The ingredients of this new era are clear in all sectors of the survey profession. Many are engaged in augmenting data records from surveys with data from existing data on the same persons. These include supplementing health survey data with Medicare records or Social Security records, with permission of the respondents; adding customer purchase records to satisfaction survey data; and appending longitudinal records of voting participation to pre-election survey responses. Some are engaged in combining data sources statistically, without the benefit of a micro-link among records. These commonly are using a survey rich in variables but small in sample size combined with one that is rich in sample size but lean in variables (Schenker, Raghunathan, and Bondarenko 2010). Others are engaged in gathering data on ecological units in which sample persons live, to expand the data set. Still others are designing paradata observations to add to sample records (both respondents and nonrespondents).
A still uncharted challenge of this age, relative to the first two eras, is that a much larger portion of the digital data on persons is held proprietary to private sector companies. Whereas the survey profession has developed a set of norms to share anonymized data for secondary analysts, most of the personal data assembled by private concerns (from drivers’ licenses, credit reports, subscriber and member data) are sold as a product for secondary commercial uses. Although Internet website content can be scraped from Web pages by anyone, search data are treated differently. Economic transaction data are held privately. Thus, although we may be living in a time where there are more digital data stored on each of us, ironically they may come to be used not to understand society (see Savage and Burrows 2007 for a parallel commentary), but instead to maximize benefits only to those who can purchase them. This possibility would no doubt trouble both Gallup and Likert.

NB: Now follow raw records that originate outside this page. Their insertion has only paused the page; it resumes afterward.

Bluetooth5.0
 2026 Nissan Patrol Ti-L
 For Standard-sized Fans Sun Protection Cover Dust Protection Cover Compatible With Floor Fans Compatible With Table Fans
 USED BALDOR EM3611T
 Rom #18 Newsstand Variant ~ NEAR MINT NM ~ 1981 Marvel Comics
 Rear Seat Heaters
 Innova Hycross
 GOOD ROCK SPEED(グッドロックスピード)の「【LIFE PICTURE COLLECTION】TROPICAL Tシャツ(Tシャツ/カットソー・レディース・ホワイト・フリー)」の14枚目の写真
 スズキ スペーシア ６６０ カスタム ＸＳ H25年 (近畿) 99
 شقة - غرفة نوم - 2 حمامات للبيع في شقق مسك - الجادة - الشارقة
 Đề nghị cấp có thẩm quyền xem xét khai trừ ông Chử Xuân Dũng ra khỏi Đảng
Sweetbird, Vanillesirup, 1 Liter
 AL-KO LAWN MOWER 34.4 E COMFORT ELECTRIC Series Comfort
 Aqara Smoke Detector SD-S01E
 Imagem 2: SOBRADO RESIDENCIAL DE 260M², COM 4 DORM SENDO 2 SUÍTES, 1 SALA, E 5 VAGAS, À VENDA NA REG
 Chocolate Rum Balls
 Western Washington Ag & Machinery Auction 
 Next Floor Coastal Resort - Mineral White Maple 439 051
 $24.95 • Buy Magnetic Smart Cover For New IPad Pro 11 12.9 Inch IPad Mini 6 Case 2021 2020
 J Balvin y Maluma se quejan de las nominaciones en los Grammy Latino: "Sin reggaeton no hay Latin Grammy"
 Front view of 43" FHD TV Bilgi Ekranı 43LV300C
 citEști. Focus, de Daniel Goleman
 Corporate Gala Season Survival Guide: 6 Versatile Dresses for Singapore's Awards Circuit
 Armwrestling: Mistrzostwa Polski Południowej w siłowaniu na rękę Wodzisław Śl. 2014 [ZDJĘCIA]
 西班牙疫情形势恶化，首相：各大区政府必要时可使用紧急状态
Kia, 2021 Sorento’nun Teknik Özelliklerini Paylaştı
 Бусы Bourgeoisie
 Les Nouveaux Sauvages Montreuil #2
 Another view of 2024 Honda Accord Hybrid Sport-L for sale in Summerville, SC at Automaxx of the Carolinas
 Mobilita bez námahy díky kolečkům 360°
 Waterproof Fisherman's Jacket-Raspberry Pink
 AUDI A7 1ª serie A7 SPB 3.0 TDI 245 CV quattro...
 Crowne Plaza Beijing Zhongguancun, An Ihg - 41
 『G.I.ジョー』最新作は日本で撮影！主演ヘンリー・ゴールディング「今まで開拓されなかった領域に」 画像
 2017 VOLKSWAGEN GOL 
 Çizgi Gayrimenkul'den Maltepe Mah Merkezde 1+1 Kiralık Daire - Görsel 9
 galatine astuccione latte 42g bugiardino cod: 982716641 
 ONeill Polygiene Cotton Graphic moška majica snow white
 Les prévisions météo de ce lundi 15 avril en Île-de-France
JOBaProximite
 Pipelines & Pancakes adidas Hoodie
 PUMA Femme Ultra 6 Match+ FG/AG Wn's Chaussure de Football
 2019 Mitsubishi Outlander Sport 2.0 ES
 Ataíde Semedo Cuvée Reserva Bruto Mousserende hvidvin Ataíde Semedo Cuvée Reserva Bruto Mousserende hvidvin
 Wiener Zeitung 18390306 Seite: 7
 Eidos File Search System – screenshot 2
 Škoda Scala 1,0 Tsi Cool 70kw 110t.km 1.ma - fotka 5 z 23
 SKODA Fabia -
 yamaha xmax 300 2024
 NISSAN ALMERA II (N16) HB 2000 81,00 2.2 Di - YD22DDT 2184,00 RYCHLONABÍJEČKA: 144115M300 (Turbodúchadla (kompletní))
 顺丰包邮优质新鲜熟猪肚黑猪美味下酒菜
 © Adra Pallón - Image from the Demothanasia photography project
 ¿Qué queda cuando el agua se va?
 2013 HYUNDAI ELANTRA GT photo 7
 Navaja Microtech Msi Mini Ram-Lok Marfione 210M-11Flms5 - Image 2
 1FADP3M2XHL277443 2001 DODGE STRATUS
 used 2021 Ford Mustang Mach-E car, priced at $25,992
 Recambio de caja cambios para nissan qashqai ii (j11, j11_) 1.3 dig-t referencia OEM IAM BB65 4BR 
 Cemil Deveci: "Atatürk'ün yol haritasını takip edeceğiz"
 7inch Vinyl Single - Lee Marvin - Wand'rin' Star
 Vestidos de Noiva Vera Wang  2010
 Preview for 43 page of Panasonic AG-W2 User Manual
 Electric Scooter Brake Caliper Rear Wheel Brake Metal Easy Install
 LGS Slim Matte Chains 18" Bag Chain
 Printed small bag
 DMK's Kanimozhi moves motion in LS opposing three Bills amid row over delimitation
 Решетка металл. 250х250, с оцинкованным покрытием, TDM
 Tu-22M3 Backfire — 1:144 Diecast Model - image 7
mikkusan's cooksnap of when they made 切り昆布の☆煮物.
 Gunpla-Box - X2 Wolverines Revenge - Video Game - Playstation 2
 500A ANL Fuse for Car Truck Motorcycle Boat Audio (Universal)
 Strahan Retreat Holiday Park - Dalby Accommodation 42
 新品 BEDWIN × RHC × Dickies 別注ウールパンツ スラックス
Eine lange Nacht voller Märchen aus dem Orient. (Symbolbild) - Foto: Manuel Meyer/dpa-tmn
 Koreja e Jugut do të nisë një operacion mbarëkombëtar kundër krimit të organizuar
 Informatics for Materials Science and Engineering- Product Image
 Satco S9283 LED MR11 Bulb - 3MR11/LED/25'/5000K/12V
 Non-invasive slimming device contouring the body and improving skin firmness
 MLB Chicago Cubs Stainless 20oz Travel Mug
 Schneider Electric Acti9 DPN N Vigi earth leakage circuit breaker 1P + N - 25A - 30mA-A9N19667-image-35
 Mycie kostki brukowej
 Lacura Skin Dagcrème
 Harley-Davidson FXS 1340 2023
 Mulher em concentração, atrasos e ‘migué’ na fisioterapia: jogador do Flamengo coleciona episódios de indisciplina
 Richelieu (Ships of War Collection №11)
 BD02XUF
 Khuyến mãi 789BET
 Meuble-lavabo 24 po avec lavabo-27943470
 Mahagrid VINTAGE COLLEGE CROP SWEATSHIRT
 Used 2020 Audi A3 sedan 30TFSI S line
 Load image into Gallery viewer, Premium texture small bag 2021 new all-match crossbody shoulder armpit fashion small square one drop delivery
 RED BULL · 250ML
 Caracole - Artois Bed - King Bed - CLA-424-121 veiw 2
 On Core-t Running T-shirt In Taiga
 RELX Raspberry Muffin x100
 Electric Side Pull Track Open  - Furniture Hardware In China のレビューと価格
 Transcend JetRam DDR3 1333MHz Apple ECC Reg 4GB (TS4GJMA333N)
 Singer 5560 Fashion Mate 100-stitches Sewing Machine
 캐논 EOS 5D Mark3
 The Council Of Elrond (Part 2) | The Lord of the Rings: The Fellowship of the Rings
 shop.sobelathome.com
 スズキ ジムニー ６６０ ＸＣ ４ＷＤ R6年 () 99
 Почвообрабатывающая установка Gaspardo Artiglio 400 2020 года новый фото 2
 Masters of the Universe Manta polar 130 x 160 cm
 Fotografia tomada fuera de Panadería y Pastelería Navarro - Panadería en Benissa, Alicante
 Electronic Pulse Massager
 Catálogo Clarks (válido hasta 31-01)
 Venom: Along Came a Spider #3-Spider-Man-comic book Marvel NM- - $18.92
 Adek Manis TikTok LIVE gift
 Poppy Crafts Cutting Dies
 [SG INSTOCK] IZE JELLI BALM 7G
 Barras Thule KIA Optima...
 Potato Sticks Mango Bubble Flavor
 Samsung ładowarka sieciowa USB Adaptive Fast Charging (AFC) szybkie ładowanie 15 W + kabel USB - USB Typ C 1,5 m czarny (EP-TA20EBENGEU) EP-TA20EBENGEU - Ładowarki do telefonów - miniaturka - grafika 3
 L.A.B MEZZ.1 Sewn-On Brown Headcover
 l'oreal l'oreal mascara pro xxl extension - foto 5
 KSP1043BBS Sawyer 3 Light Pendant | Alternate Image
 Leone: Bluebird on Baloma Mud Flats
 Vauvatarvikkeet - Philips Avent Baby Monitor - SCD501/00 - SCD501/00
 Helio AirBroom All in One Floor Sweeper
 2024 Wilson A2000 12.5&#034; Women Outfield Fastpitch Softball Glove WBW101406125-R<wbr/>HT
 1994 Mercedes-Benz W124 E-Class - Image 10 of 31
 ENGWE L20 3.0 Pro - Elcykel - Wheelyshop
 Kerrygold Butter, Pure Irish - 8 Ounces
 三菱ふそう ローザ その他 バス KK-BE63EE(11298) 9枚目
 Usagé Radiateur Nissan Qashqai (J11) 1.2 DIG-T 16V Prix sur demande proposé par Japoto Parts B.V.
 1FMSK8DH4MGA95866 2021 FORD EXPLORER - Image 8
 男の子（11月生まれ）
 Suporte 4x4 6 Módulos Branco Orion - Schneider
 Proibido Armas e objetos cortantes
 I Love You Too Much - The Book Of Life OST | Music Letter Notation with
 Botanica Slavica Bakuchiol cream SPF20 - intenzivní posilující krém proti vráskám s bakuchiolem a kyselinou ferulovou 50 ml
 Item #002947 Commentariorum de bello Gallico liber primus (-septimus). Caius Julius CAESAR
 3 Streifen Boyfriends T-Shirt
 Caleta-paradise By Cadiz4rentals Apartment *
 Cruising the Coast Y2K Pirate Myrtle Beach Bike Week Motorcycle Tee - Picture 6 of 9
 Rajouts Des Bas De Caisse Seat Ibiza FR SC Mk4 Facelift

The statistical and conceptual framework that led to the enormous growth of the survey research field depended on various societal prerequisites. First, the public had to be accessible to survey contact attempts by unknown researchers. This implied that anyone in the society had to have ways to contact all persons in the society. Strangers could not be immediately feared; evidence of their affiliation had to be believed. Second, once contacted, the public had to be willing to be measured. The public had to generally value the common-good nature of statistical information or, at least, the social interaction inherent in the measurement. Third, the survey researcher had to possess universal frames for the population studied. Here, the three eras have shown a robust use of the address of the residence as a sampling frame element, albeit with changing sources of data. Fourth, the cost and timeliness of the original sample surveys had to rival those of other data sources. Now, however, the relative cost advantages of de novo measurement of a probability sample relative to organic data on a full population have radically changed. These new data sources are automatic auxiliaries to everyday behaviors; they are produced at very low cost.
Survey research is not dying; it is changing. The self-report sample survey provides insights into the thoughts, aspirations, and behaviors of large populations in ways that data tracking naturally occurring behaviors are unlikely ever to capture. The survey method has strengths and deficits that are reflections of the society that it measures; the very act of speaking candidly to a stranger is governed by norms that can and do change. Survey research has always and must always adapt to those changes.